The two things to be aware of are 1) the brown rice takes forever and a damn day to cook and 2) the kale must be chopped really, really, really fine. This is a time for your good knife and a big cutting board.
1 large shallot
6 tbsp butter, divided in two
2 cups SHORT GRAIN brown rice
6 cups of whole milk
1 large bunch kale, enough to make 2 cups when finely, finely chopped
1/4 teaspoon nutmeg
1/4 teaspoon cayenne pepper
1 teaspoon dijon mustard
1 tablespoon stock concentrate (chicken or vegetable)
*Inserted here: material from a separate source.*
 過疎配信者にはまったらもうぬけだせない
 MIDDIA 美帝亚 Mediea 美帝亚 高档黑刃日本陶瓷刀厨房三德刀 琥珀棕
6-8 ounces of extremely sharp cheddar-style cheese; I've used Beecher's Flagship, but you could probably experiment
1/2 cup of bread crumbs
Melt half the butter in a large (LARGE) frying pan, fait-tout, or wide saute pan. I suppose you could use a 4.5 quart or larger saucepan too. Anyway, dice the shallot fine and saute in the butter until it is starting to brown. Add the rice and cook for a couple of minutes over high heat, then add the milk. Bring to a boil, reduce heat to a simmer, cover, and cook for 45 minutes to an hour, or until the rice is no longer aggressively chewy. Add the nutmeg, cayenne, mustard, and stock concentrate, and return to a simmer. The mixture will still be somewhat spludgy at this point.
Chop the kale extremely, extremely finely, almost as though it were an herb rather than a vegetable. Stir the chopped kale into the rice mixture and cook, stirring occasionally, until it goes from dark green through bright green and into a sort of a dull, overcooked-looking green. Kale is not a tender vegetable; it can take it. At this point, the mixture should have absorbed enough liquid that you could scoop it with a slotted spoon without leaving too much liquid behind. Scrape it into an 11x17" baking dish.
Grate the cheese and top the gratin with it. Sprinkle the bread crumbs on top of the cheese; melt the rest of the butter, and drizzle it on top of the bread crumbs. Bake in a hot oven (350, or whatever the other things you're cooking need, it isn't particular) until the cheese is bubbly and the bread crumbs are browned. Serve and eat.